Exercise:
Everything in the records below from the line containing "Mango Tango Pearl" through the line containing "Sauce boat and" is to be reproduced exactly, those two lines included; no picture is to be copied.

Data to process:
-------
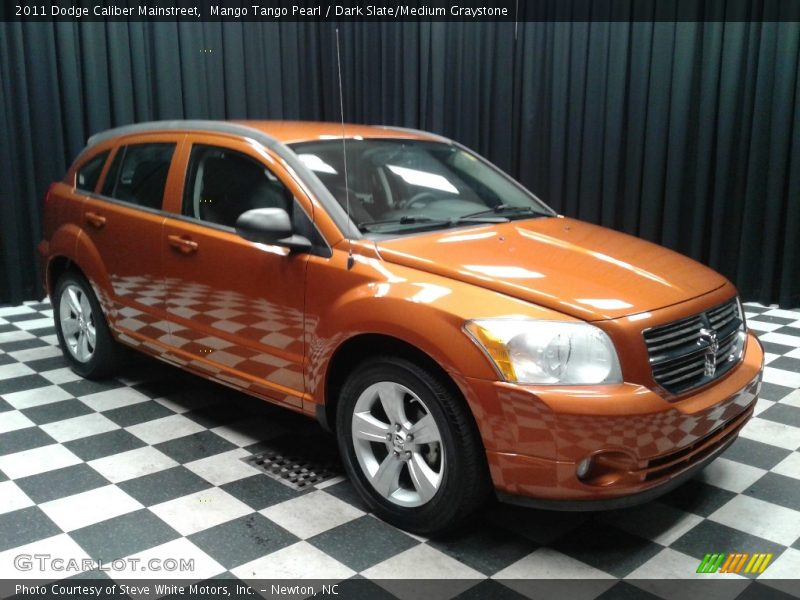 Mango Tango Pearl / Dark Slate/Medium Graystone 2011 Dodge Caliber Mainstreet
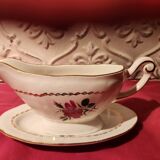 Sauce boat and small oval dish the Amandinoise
-------
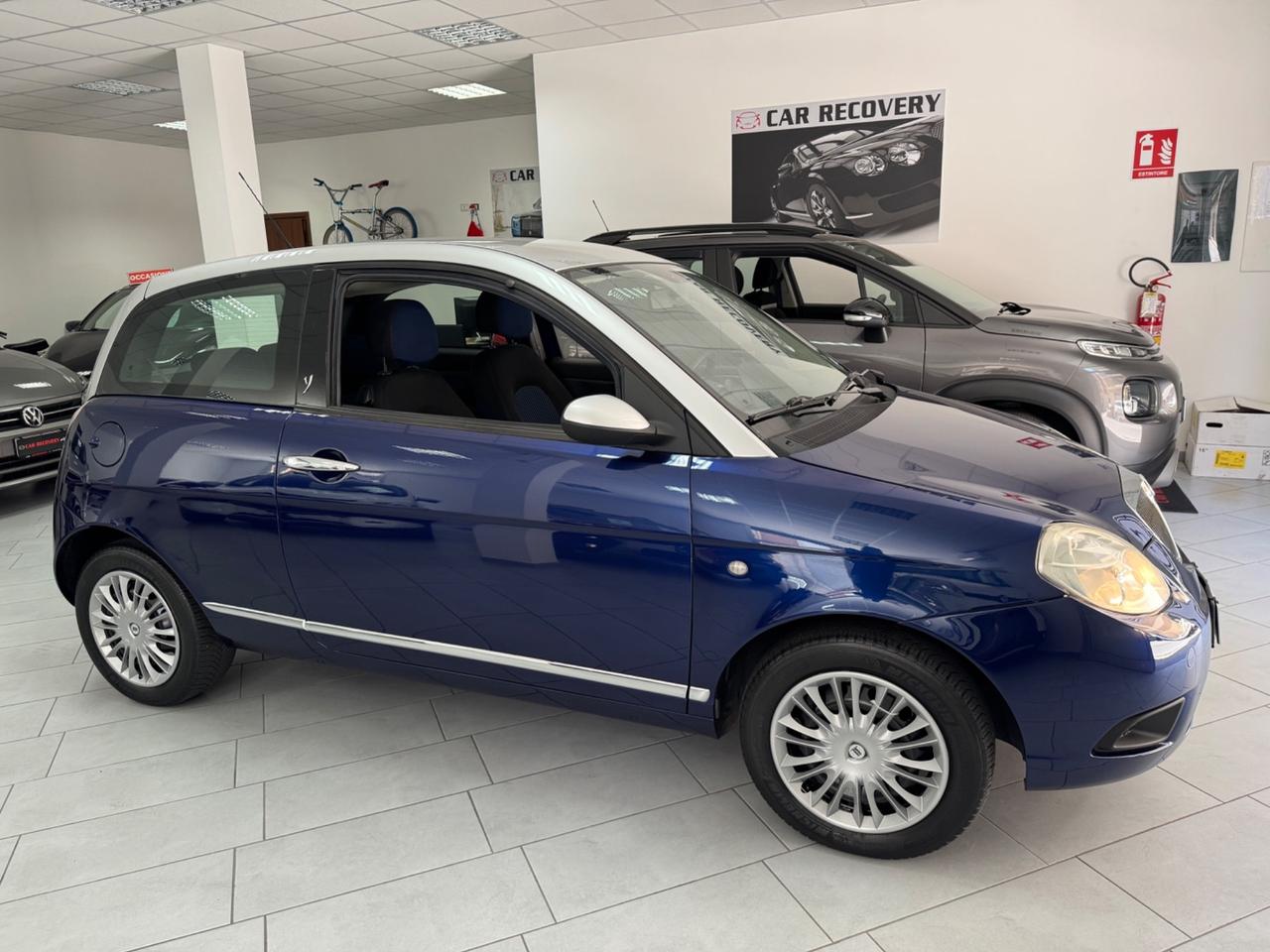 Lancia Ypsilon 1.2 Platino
-------
Written answer:
 Mango Tango Pearl / Dark Slate/Medium Graystone 2011 Dodge Caliber Mainstreet
 Sauce boat and small oval dish the Amandinoise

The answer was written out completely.